(Work task)
Everything in the records below should be printed exactly, except the pictures.

Start of Information

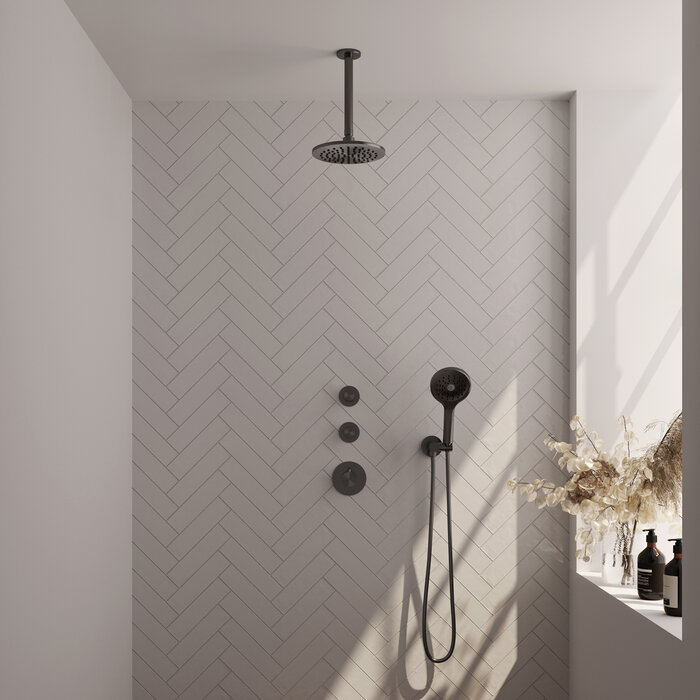 Brauer Gunmetal Carving thermostatische inbouw regendouche SET 11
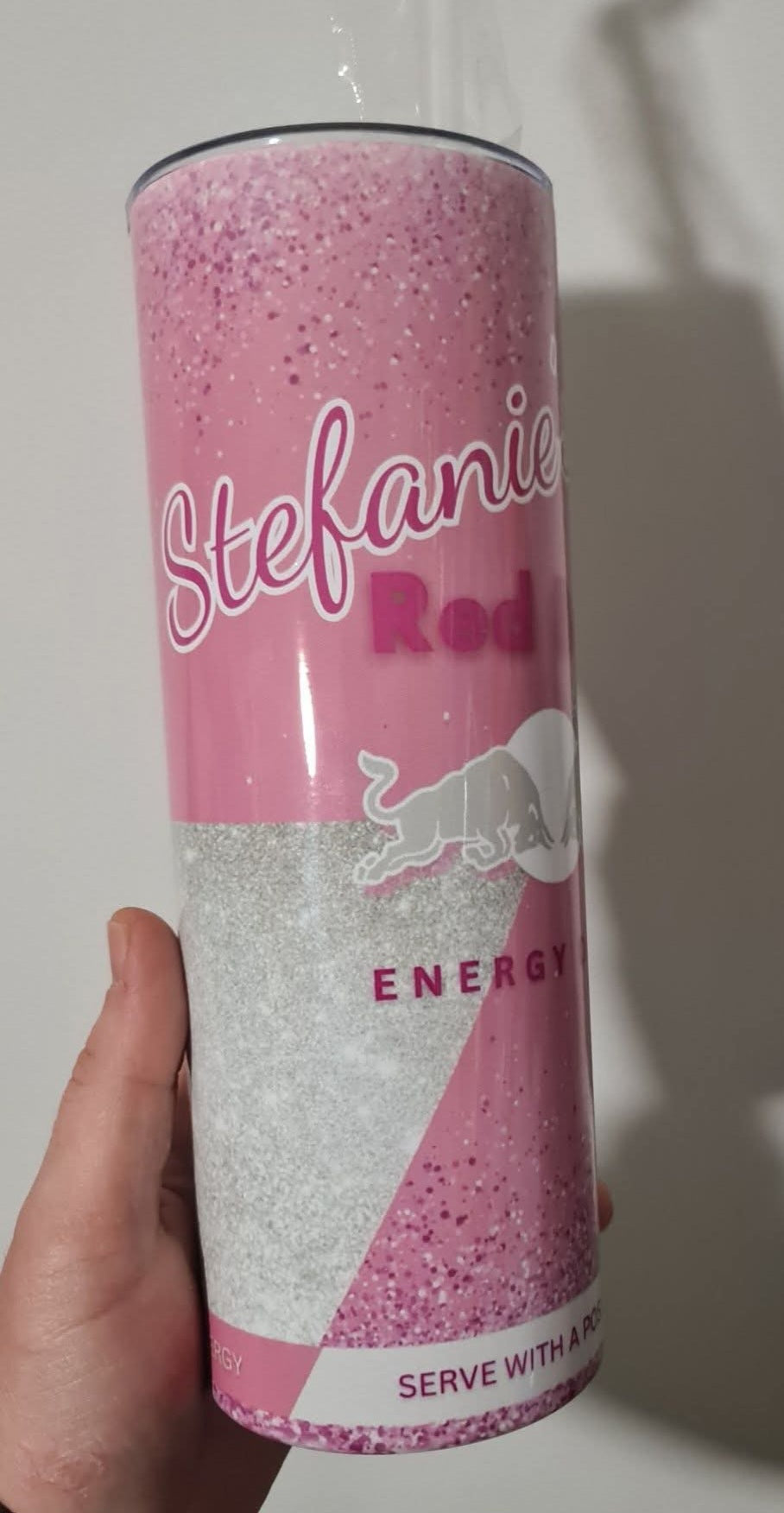 Tumbler - Redbull Pink Glitter effect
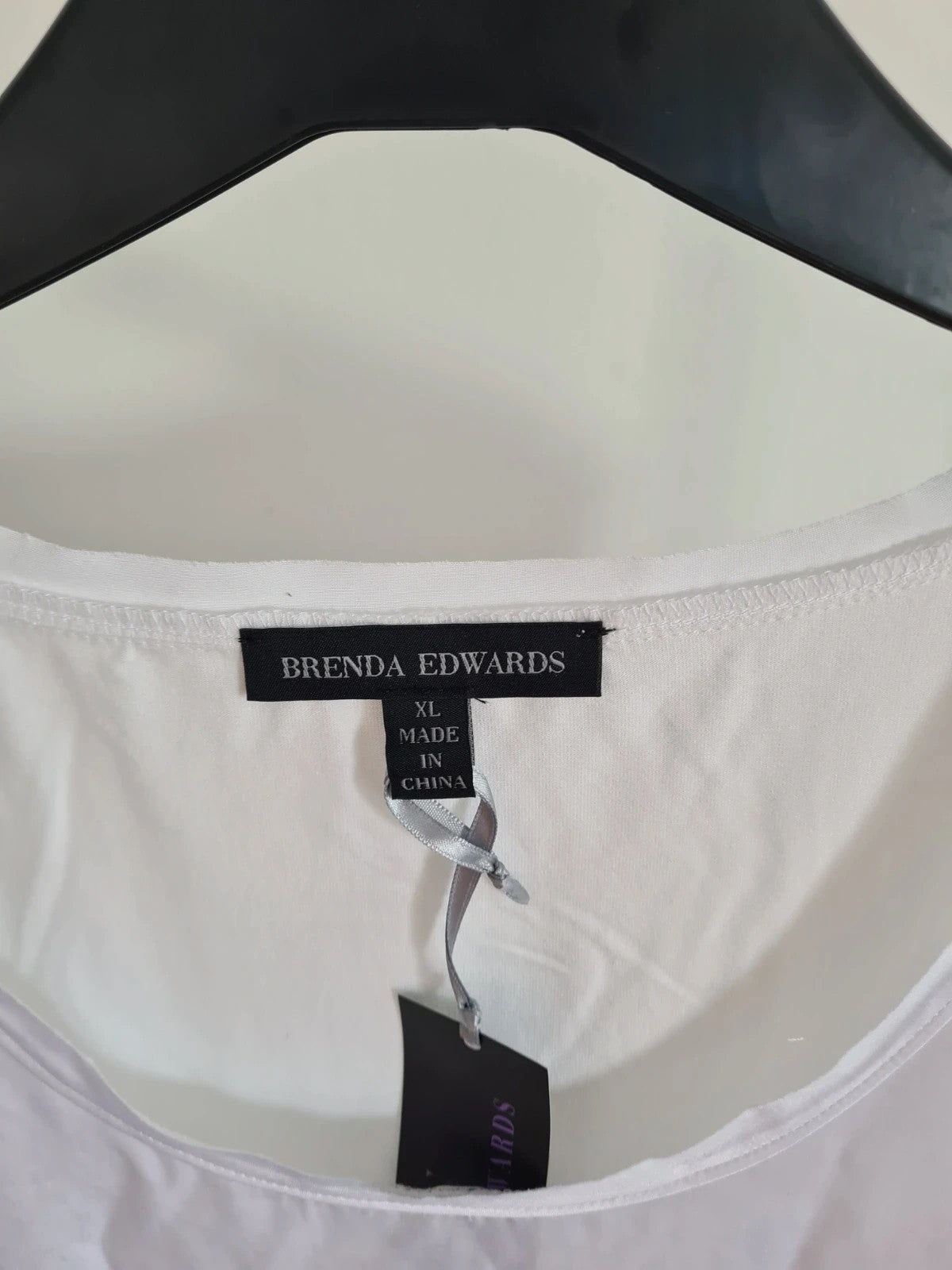 Brenda Edwards women satin vest top white essential tank top sleeveless casual loose fit XL/14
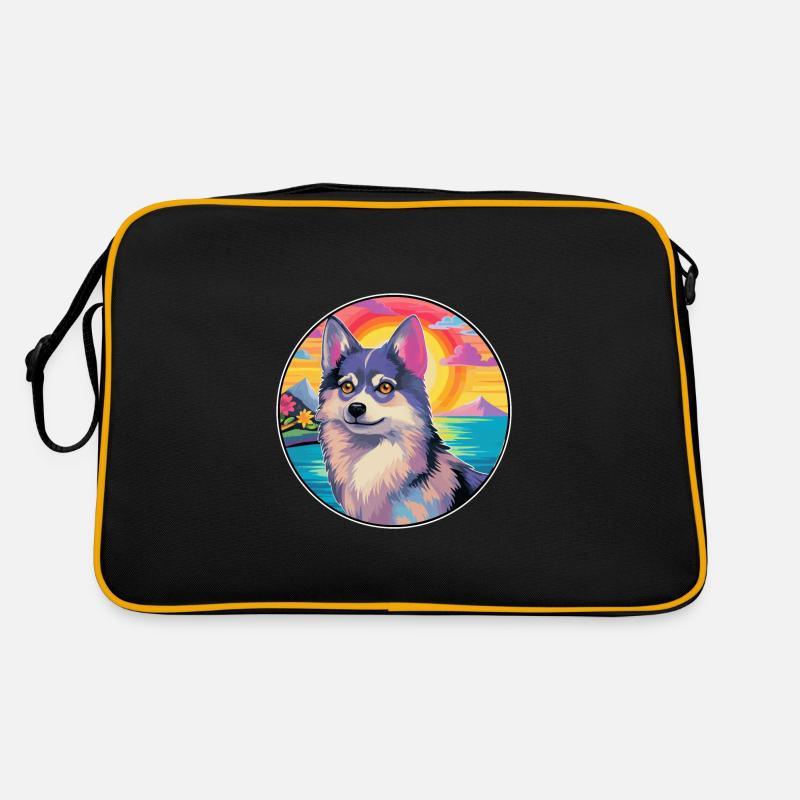 Alaskan Klee Kai Hunderasse Bunte Karikatur Wasserc Retro Tasche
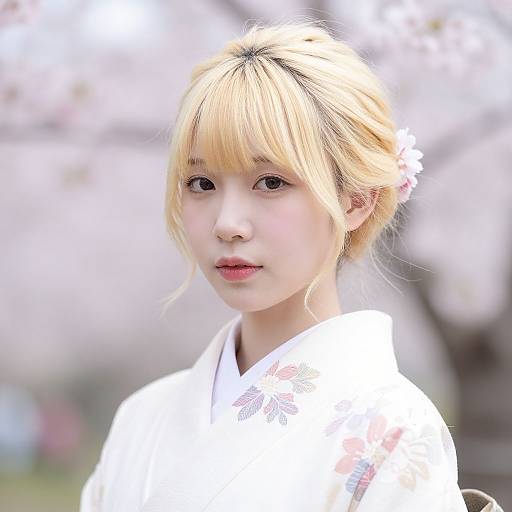 Photograph of an Asian woman with blonde hair, light skin, and pink lips, wearing a white floral kimono, against a blurred cherry blossom background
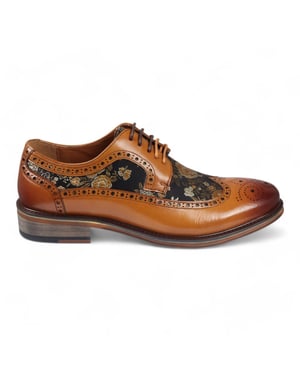 Justin Reess Men's Brown Leather Floral Print Brogue Dress Shoes - Ross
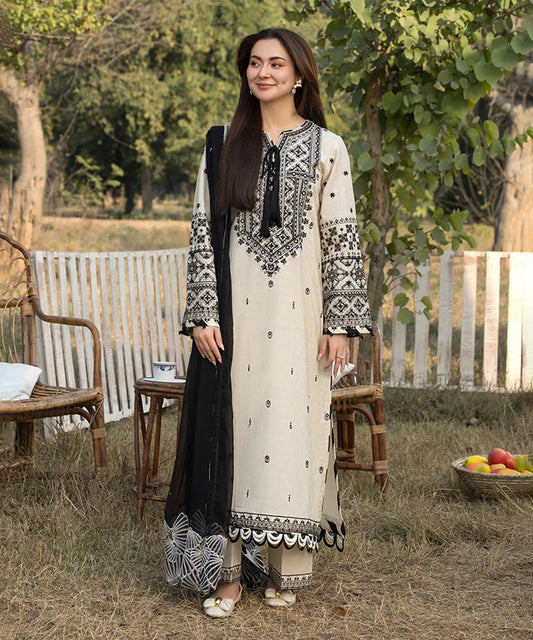3PC EMBROIDERED DHANAK DRESS RO - 526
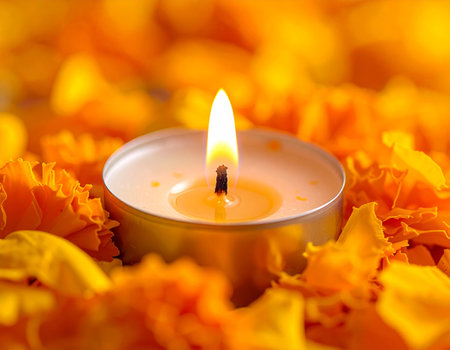 Burning candle with orange flower petals on yellow background, closeupの素材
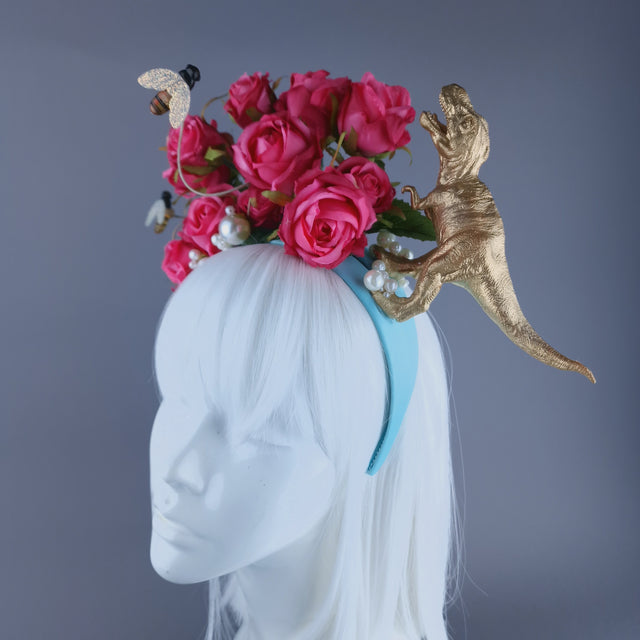"Dainty" Dinosaur, Pearls & Pink Rose Headdress
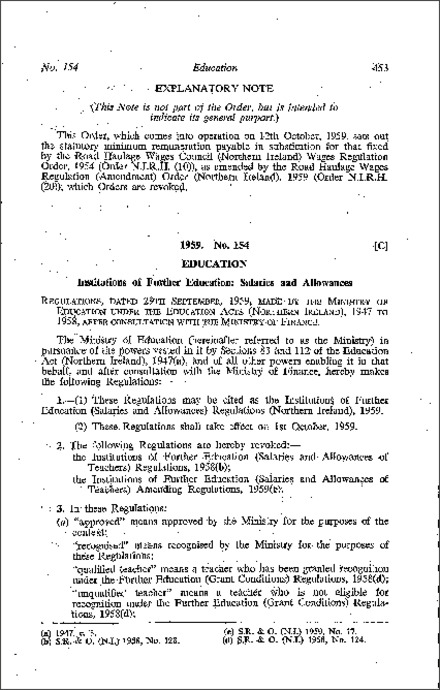 The Institutions of Further Education (Salaries and Allowances) Regulations (Northern Ireland) 1959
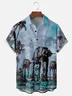 Tall Size Moisture-wicking Star Robot Chest Pocket Hawaiian Shirt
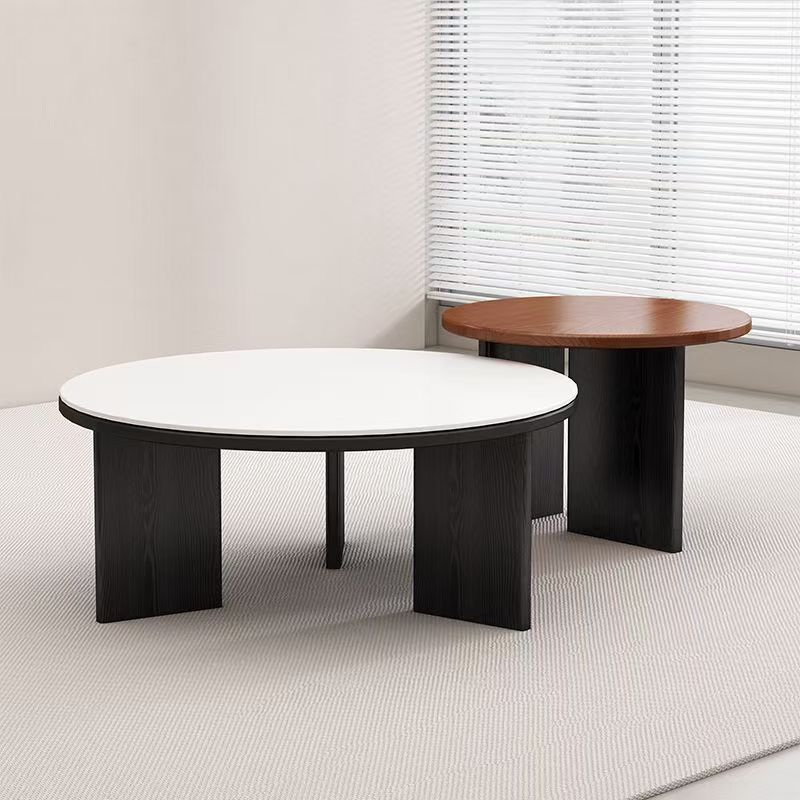 Losa blanca, redonda de 70 mm, negra, combinación de color nogal de 50 mm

End of Information

(Answer below)
 Brauer Gunmetal Carving thermostatische inbouw regendouche SET 11
 Tumbler - Redbull Pink Glitter effect
 Brenda Edwards women satin vest top white essential tank top sleeveless casual loose fit XL/14
 Alaskan Klee Kai Hunderasse Bunte Karikatur Wasserc Retro Tasche
 Photograph of an Asian woman with blonde hair, light skin, and pink lips, wearing a white floral kimono, against a blurred cherry blossom background
 Justin Reess Men's Brown Leather Floral Print Brogue Dress Shoes - Ross
3PC EMBROIDERED DHANAK DRESS RO - 526
 Burning candle with orange flower petals on yellow background, closeupの素材
"Dainty" Dinosaur, Pearls & Pink Rose Headdress
 The Institutions of Further Education (Salaries and Allowances) Regulations (Northern Ireland) 1959
 Tall Size Moisture-wicking Star Robot Chest Pocket Hawaiian Shirt
 Losa blanca, redonda de 70 mm, negra, combinación de color nogal de 50 mm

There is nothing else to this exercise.